Reliable, small, and lightweight hardware that meets increasing performance requirements is today’s engineering challenge in the automotive industry.
Autonomous driving requires tremendous computational resources. The current trend of high-level ADAS architectures is a central design; uncompressed video, LiDAR, and other sensor data is sent directly to central computing units.
Depending on the resolution and sensor types, high-speed interfaces are used to send the data from the sensor devices, such as cameras, to the central processing unit (often called ADAS box or ADAS processing unit). Looking at today’s reference designs presented by various automotive Tier1s, these boxes need to able to process several Gb of data per second. As the number of cameras and sensors, like zonal LiDAR, is increasing, it is clear that the requirement of fast data processing is increasing as well. To design reliable hardware that is not too big or too heavy to fit into the car is today’s design challenge in the automotive industry.
Ordinary PC-like computing platforms are not powerful enough to satisfy the hunger for the ever-increasing demands of data processing. The flagship ADAS reference implementations rather look like mid-range server-like architectures: Very often with dedicated GPUs optimized for self-learning algorithms. From a hardware perspective, this means that within the computing unit multiple high-power microchips need to operate and communicate, consuming vast amounts of energy.

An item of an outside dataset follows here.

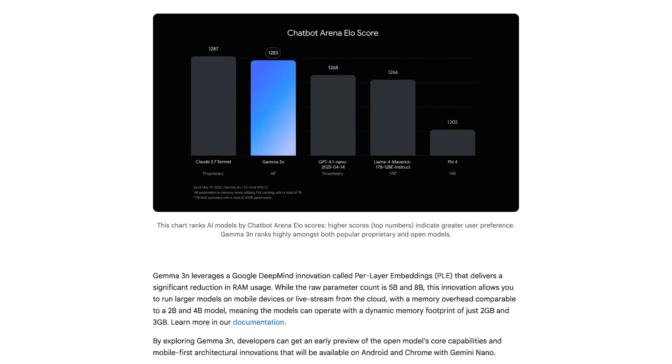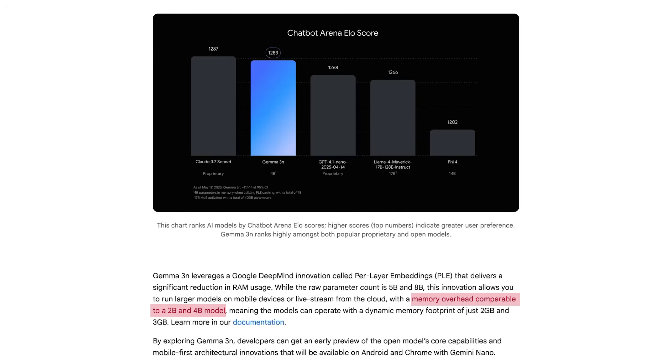The exciting thing about Gemma 3n is that it's actually a combination of two models merged into one — a 5 billion and an 8 billion parameter model. What's interesting is not just that it's two models in one, but also that Google applied various optimization techniques to shrink the memory footprint of these models from five and eight billion down to two and four. So you get the performance and power of five and eight billion parameter models, which is decent and sufficient for many tasks.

When comparing the overall system requirements to a static server, it becomes obvious that reliability and functional safety are much more important for ADAS applications. In self-driving cars, redundant systems are typically used for super safety functions like electronics braking or steering. Many electronic functions are just single-function circuits. To save human lives, the reliability of the hardware is crucial in self-driving cars.